Dear Annie: I am a longtime reader of your column, but now I need advice. I recently married my husband after nearly a five-year engagement. Things were rough, as all new things can be, but we have pulled through. However, my husband's mother has begun vocalizing some colorful opinions of late, and it is causing problems. She has been spreading rumors that I fancy abusing my husband. She makes sure to find his friends on social media and then convince them that I am harming him.
I am unsure where this newfound hatred for me is coming from, but I can think of two possible reasons. The first is that despite acting as if she was OK with her son's marrying another man, she isn't very comfortable with it.
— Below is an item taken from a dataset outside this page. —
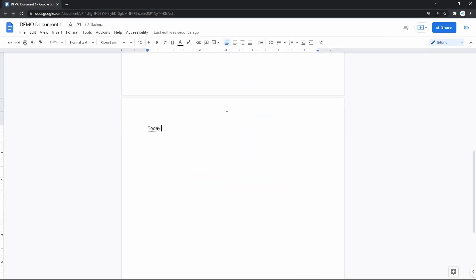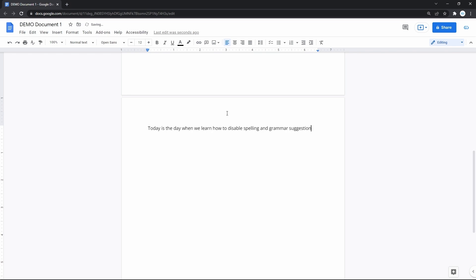As you know, Google Docs automatically corrects misspellings and offers suggestions for spelling and grammar. It does that for English, Spanish, French and a few other languages. Mostly, that's a greatly useful tool, but sometimes all it does is just annoy you. And exactly for this reason, we will disable it all.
The second is that she used to be able to convince him that she needed money, which she would promptly spend at the casino, a financial burden we could not afford. I recently persuaded him to stop supporting her gambling habit and said that if she needs something, we can buy it for her. I need advice. I want our marriage to thrive, but I am afraid his mother will not allow that to happen. Please, any guidance is appreciated. — Loved and Loathed
Dear Loved and Loathed: Spreading false rumors about someone is not only rude; if it goes too far, it can be considered slander and have legal consequences. I am in no way suggesting that you sue your mother-in-law, but I want to reassure you that your frustration is valid and this is a serious matter.
Likewise, your mother-in-law's gambling addiction is serious. Addictions have a way of ensnaring whole families in unhealthy patterns of behavior. At the very least, you and your husband should consider attending a Gam-Anon meeting in your area. If he refuses to go, then go on your own at first. (The meetings are open to anyone who is affected by a loved one's gambling.) Furthermore, I recommend that you and your husband find a marital counselor. There's no shame in reaching out for professional help, especially when it could save your marriage.
Dear Annie: I work at a fast-food restaurant, and there are nights when we get very busy. Whenever we do get busy, my co-workers are very cranky. They're constantly arguing with one another and snapping at one another. It's almost as if they don't want to do their jobs, as if they'd rather be standing around doing nothing. Annie, it feels as if I'm the only one at my workplace who even tries to keep a positive attitude when we're busy. Should I try to persuade the others to let things go, or is this a case of "if you can't beat them, join them"? — Only Optimist
Dear Optimist: Keep smiling. My father used to always say that no hard work goes unnoticed. Even if at the moment it doesn't seem as if you are being appreciated or you are the only one in the restaurant with a smile on your face, in the long run, you will be much more successful in life with a positive attitude. It feels good to take pride in your work. With your outlook, you'll end up running the restaurant or achieving any goals you set your mind to.